DIRECTIONS: Verbatim copy, images excluded: write out each record shown below.

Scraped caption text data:

++++++

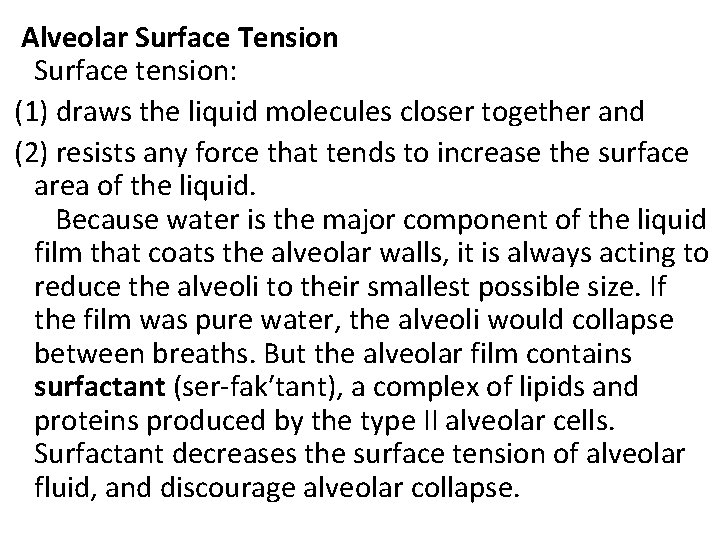 Alveolar Surface Tension Surface tension: (1) draws the liquid molecules closer together and (2)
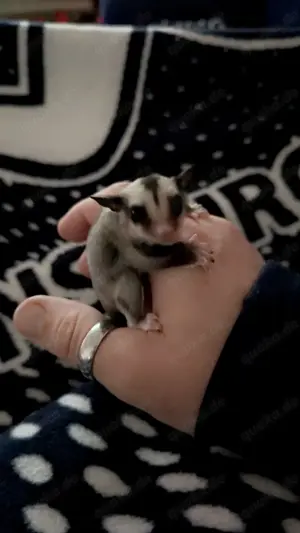 Sugar Glider Nachzucht  0.1 Jungtier ( weiblich ), Kurzkopfgleitbeutler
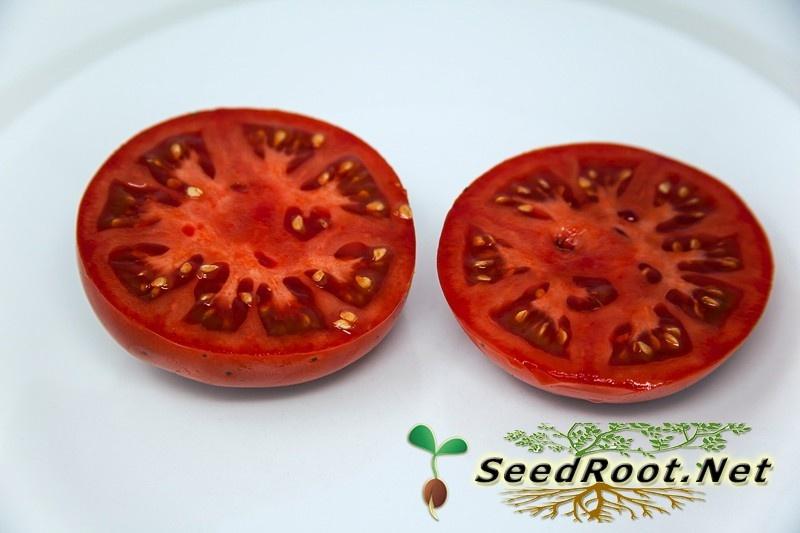 Sliced Rutgers Tomato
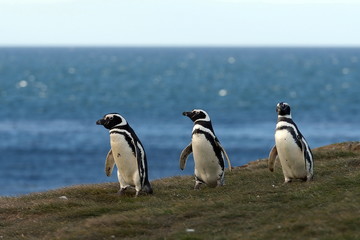 Fototapeta premium Magellanic Penguins at the penguin sanctuary on Magdalena Island in the Strait of Magellan near Punta Arenas in southern Chile.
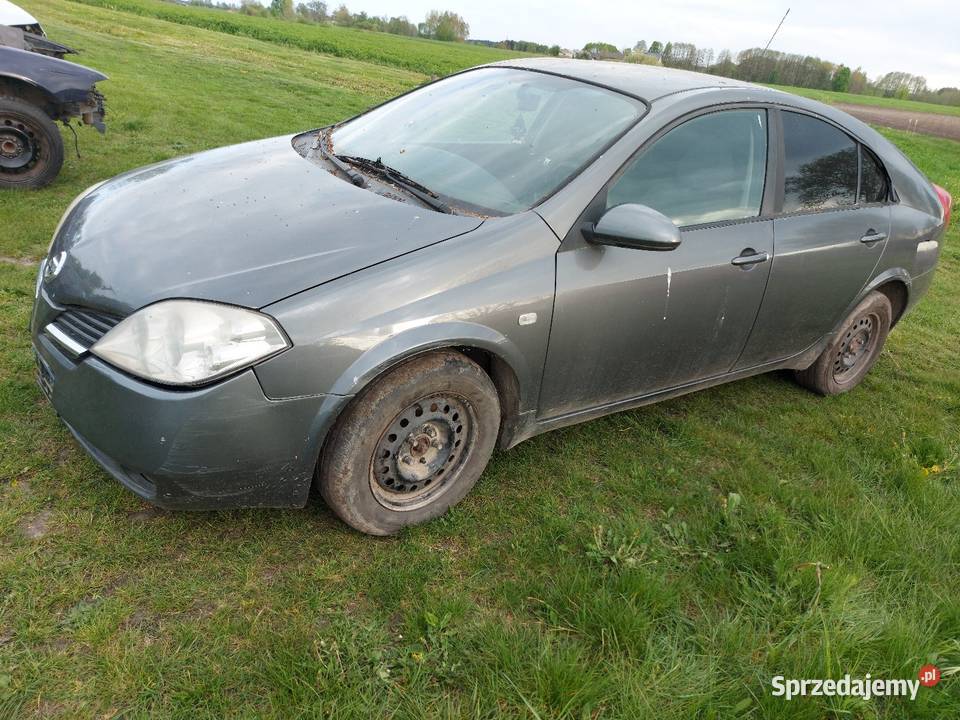 Primerra P12 2006r 19DCI KY5 G drzwi maska lubelskie Hańsk Pierwszy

++++++

PROBLEM SOLUTION:
 Alveolar Surface Tension Surface tension: (1) draws the liquid molecules closer together and (2)
 Sugar Glider Nachzucht  0.1 Jungtier ( weiblich ), Kurzkopfgleitbeutler
 Sliced Rutgers Tomato
 Fototapeta premium Magellanic Penguins at the penguin sanctuary on Magdalena Island in the Strait of Magellan near Punta Arenas in southern Chile.
 Primerra P12 2006r 19DCI KY5 G drzwi maska lubelskie Hańsk Pierwszy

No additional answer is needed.